Берилова умерла 12 января 1804 года18; Новерр пишет о смерти м-ль Роз также в 1804 году; Дидло говорит в 1809 году, что «Роза танцевала еще шесть лет назад». Умерла она, очевидно, в 1803 году, но дату мы не знаем. Когда же женился Дидло на Розе Колинет? Это и есть загадка, которую разгадать мы не сумели.
Во всяком случае, та жена, с которой Дидло уезжает за границу и опять приезжает, жена в «неизменной чете Дидло» у Вигеля, — это уже Роза Колинет, г-жа Роза Дидло II, вышедшая в отставку в 1824 году и умершая 4 декабря 1843 года.

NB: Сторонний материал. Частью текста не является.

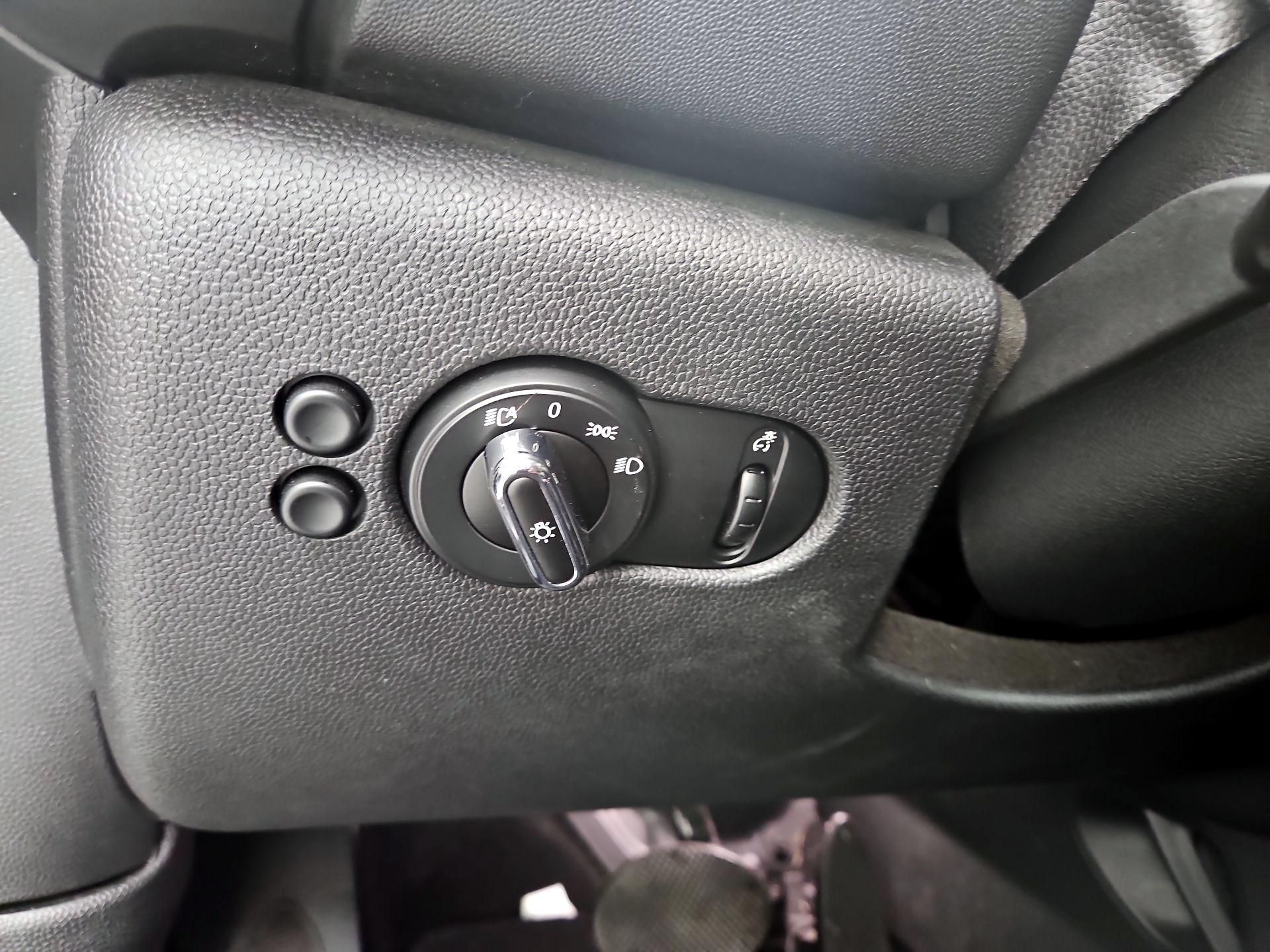 Thumbnail: 2017 MINI Cooper Hardtop - 13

Разобраться в двух женах Дидло заставила нас не только историческая любознательность, но и насущная необходимость для нашей темы. Как мы видели выше, нам посчастливилось найти несколько изображений м-ль Роз в период лондонских гастролей. Это—м-ль Роз, изображенная дебютировавшей в 1786 году. Пока нам предлагали думать, что у Дидло была одна жена, Роза Колинет, родившаяся в 1784 году, нам приходилось равнодушно относиться к той, другой Розе: да, очень интересно, но не наше. Расставив обеих Роз на места, мы можем с жадностью ухватиться за изображения м-ль Роз I: это кусок нашей истории танца в тот период, когда и вообще-то изображения до крайности редки. Эту Роз, этот танец привез к нам Дидло!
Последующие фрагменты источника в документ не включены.